Restate the data word for word. Leave the pictures out.

*** Opening DATASET EXCERPT ***

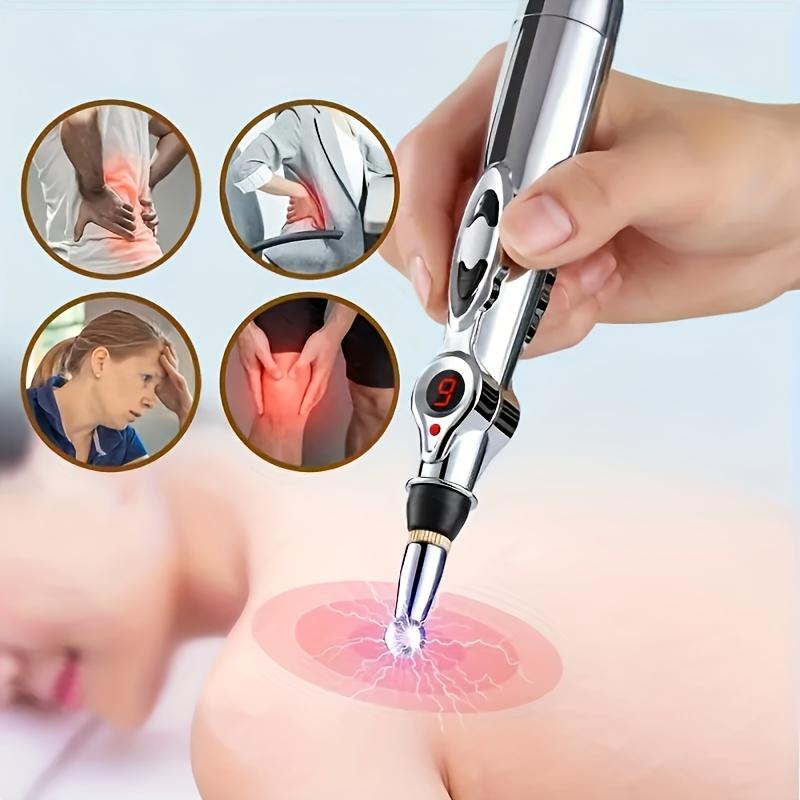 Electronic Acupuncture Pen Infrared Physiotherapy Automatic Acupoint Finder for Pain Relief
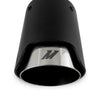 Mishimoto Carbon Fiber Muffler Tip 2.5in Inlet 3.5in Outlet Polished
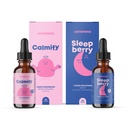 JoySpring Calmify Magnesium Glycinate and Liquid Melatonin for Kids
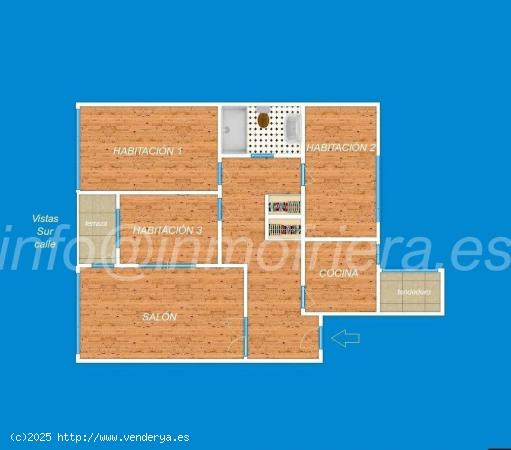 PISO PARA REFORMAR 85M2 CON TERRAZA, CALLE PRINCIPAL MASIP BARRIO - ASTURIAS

*** Closing DATASET EXCERPT ***

» **ANSWER TO THE EXERCISE**
 Electronic Acupuncture Pen Infrared Physiotherapy Automatic Acupoint Finder for Pain Relief
 Mishimoto Carbon Fiber Muffler Tip 2.5in Inlet 3.5in Outlet Polished
 JoySpring Calmify Magnesium Glycinate and Liquid Melatonin for Kids
 PISO PARA REFORMAR 85M2 CON TERRAZA, CALLE PRINCIPAL MASIP BARRIO - ASTURIAS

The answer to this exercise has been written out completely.